Directions | Repeat only the lines below from the one that contains "ഇന്ത്യയുടെ അഭിമാനം, ചാനുവിന്റെ" through the final line, exactly. Omit pictures.

-- Materials provided follows --

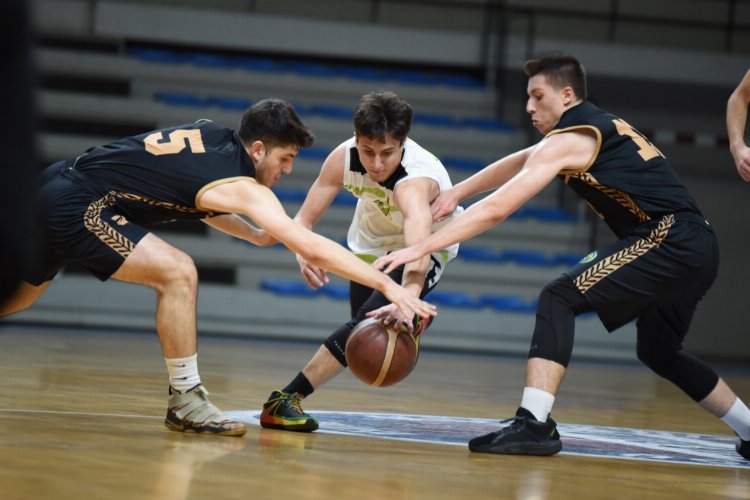 Manisa Büyükşehir Basketbol Gençler Ligi’ne hazırlanıyor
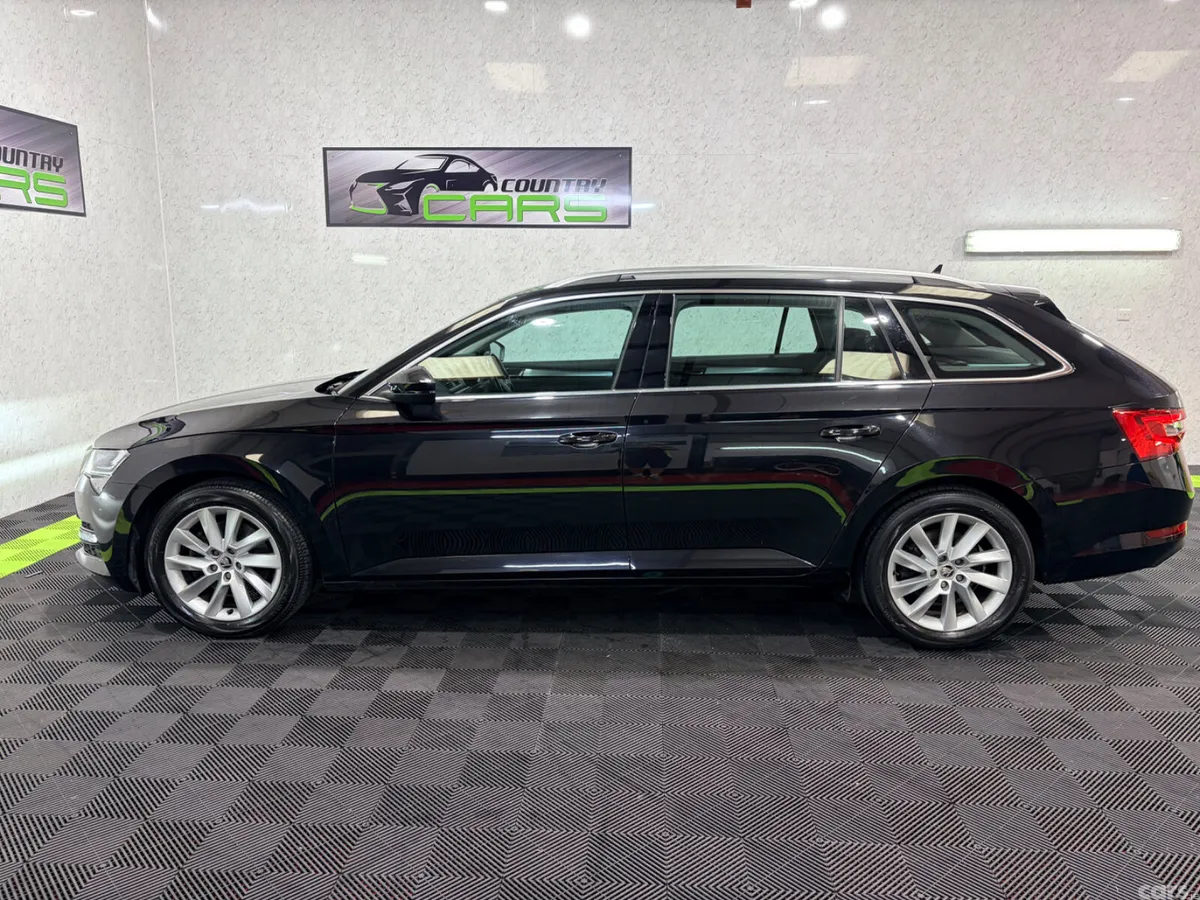 Skoda Superb Estate, Diesel, 2022, Black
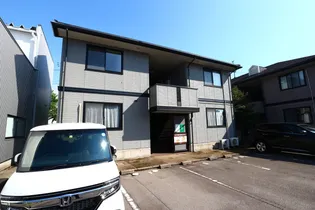 セジュール・ノエル B【1階】の外観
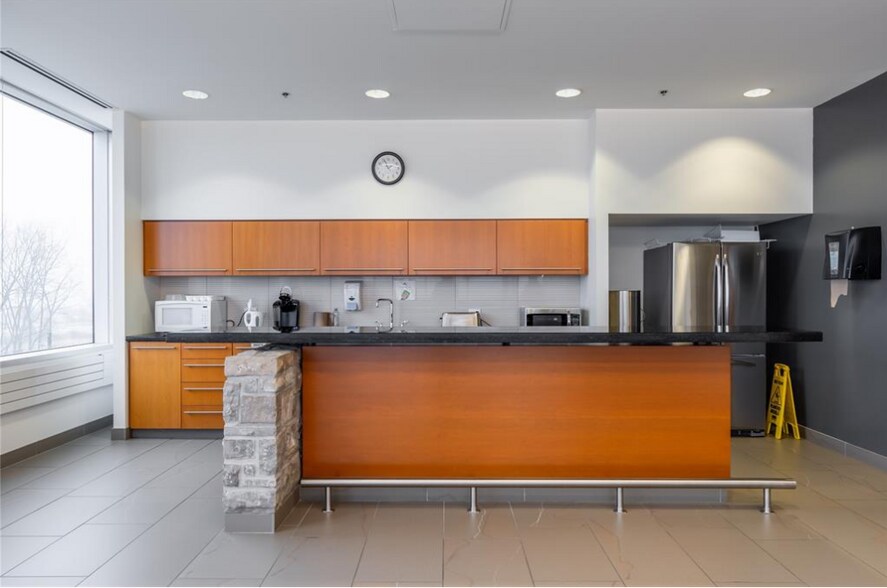 More Photos Of 1555 Venetian Blvd, Point Edward Industrial For Lease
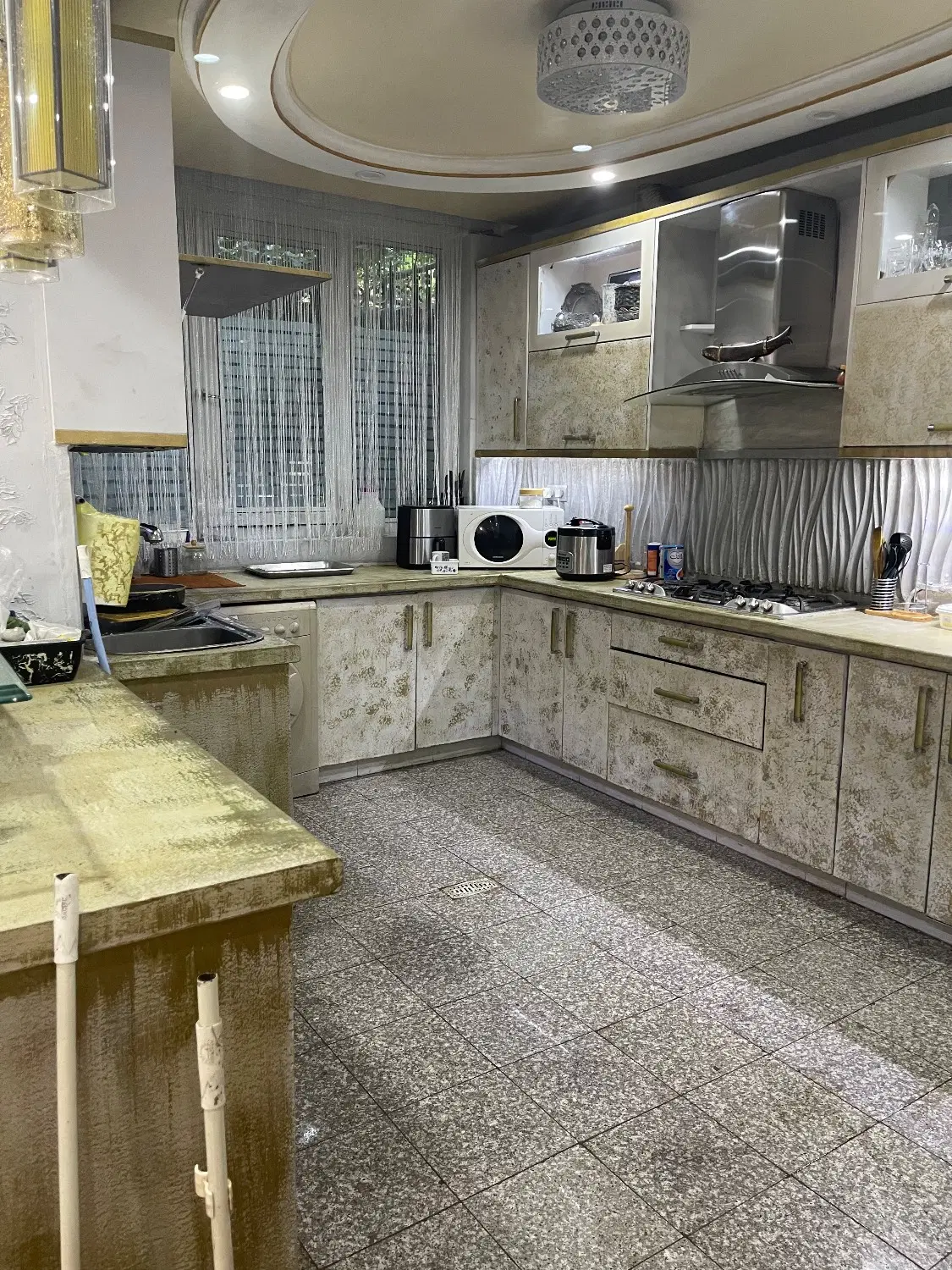 اجاره واحد مسکونی ویلایی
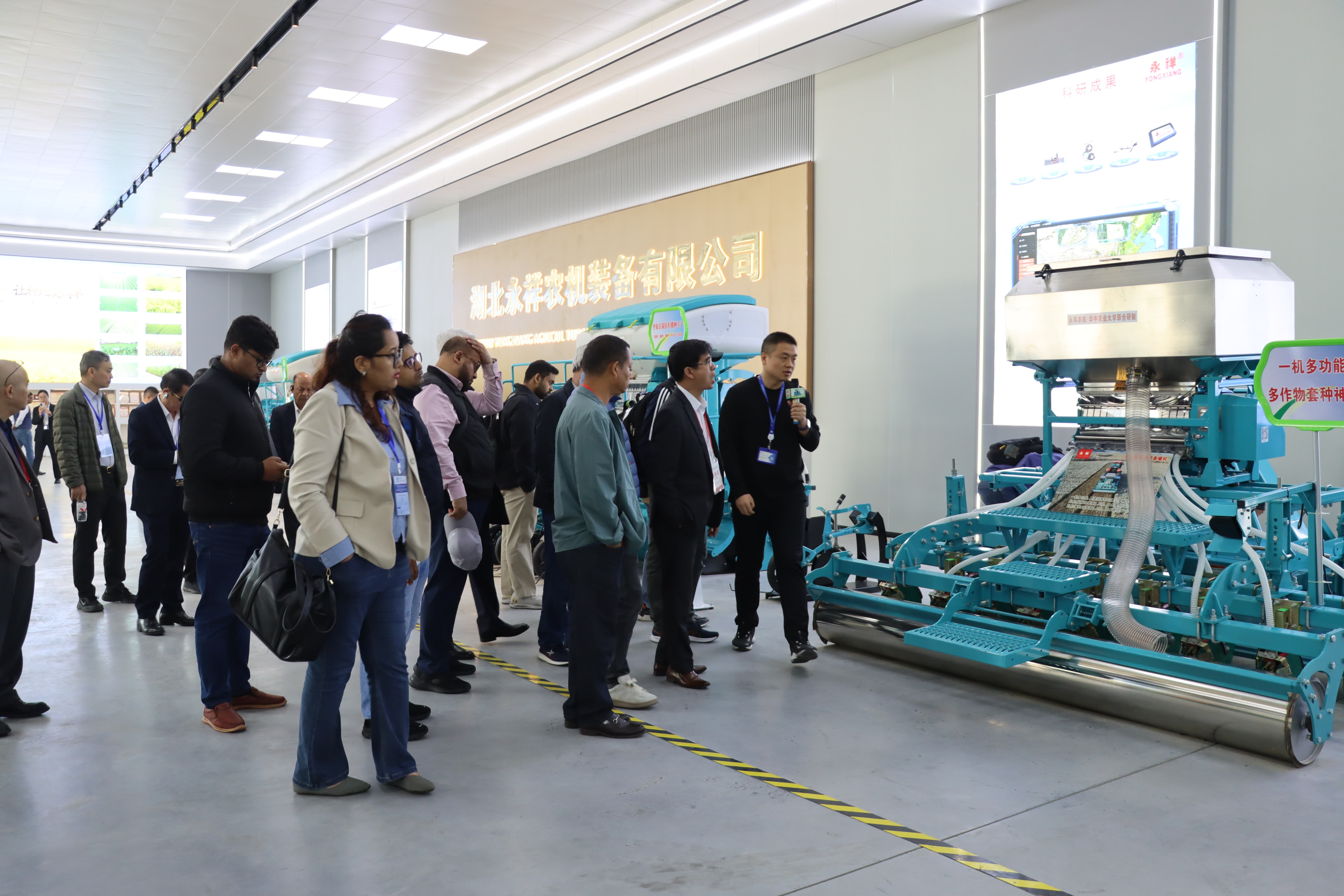 IMG_9182 (1) IMG_9182 (1)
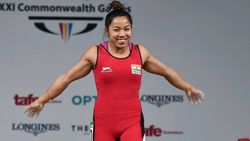 ഇന്ത്യയുടെ അഭിമാനം, ചാനുവിന്റെ മെഡല്‍ നേട്ടം ആഘോഷമാക്കി കുടുംബവും സുഹൃത്തുക്കളും നാടും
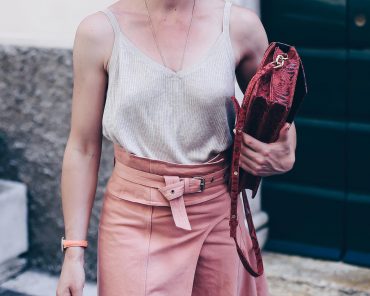 Sommer Outfit mit Jeansrock in Apricot und Chloé Susanna Boots Sommer Outfit mit Jeansrock in Apricot und Chloé Susanna Boots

-- Materials provided concluded --

Output of the task |
 ഇന്ത്യയുടെ അഭിമാനം, ചാനുവിന്റെ മെഡല്‍ നേട്ടം ആഘോഷമാക്കി കുടുംബവും സുഹൃത്തുക്കളും നാടും
 Sommer Outfit mit Jeansrock in Apricot und Chloé Susanna Boots Sommer Outfit mit Jeansrock in Apricot und Chloé Susanna Boots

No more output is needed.